FYI memcontrol03 has been fixed with LTP fix [1] using fsync(), first used in 67.1. I guess we can close this. [1] https://github.com/linux-test-project/ltp/commit/ab1c8d16eb131969133edaa79f39e5443216100a
(In reply to Michal Koutný from comment #27) > Interesting. Do I get it right that these fails happen only on ppc64le hosts? Yes, ONLY ppc64.
Please indicate the current expectation for fixing the bug using the Target Milestone field. What do we believe is possible?
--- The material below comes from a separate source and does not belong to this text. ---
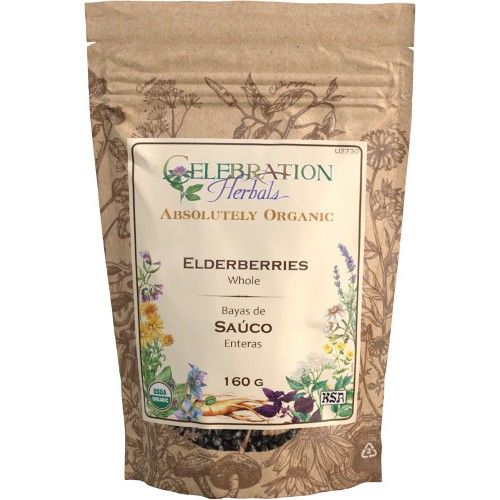Celebration Herbals Absolutely Organic Whole Elderberries 160g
In the cases where we do not plan to deliver or cannot guess (!?) please do not enter anything, but you can comment if you wish to provide more details.
As a PPC64 problem, Hector, could you please look at its severity?
Downgrading priority, this can be addressed in MU
Hi mkoutny chrubis Current ppc64le issue seems not related with fsync/sync(dirty cache), any other suggestion?
It may be related to larger page size on ppc64le and larger accumulated error in counters used to calculate reclaim amount and protections as well as rounding overreclaim in larger quanta. I.e. it would be interesting to see if it reproduces on ppc64le with > # drop memory_recursivprot > mount -t cgroup2 -oremount,nsdelegate none /sys/fs/cgroup Note that I have observed failures without recursive protection (comment 10) but that was because of dirty cache, which should have been eliminated.
(In reply to Michal Koutný from comment #37) > It may be related to larger page size on ppc64le and larger accumulated > error in counters used to calculate reclaim amount and protections as well > as rounding overreclaim in larger quanta. > > I.e. it would be interesting to see if it reproduces on ppc64le with > > > # drop memory_recursivprot > > mount -t cgroup2 -oremount,nsdelegate none /sys/fs/cgroup > > Note that I have observed failures without recursive protection (comment 10) > but that was because of dirty cache, which should have been eliminated. Following case drop memory_recursivprot but still failed. Also attach the log. https://openqa.suse.de/tests/14037383#step/memcontrol03/6
Created attachment 874296 [details] drop memory_recursivprot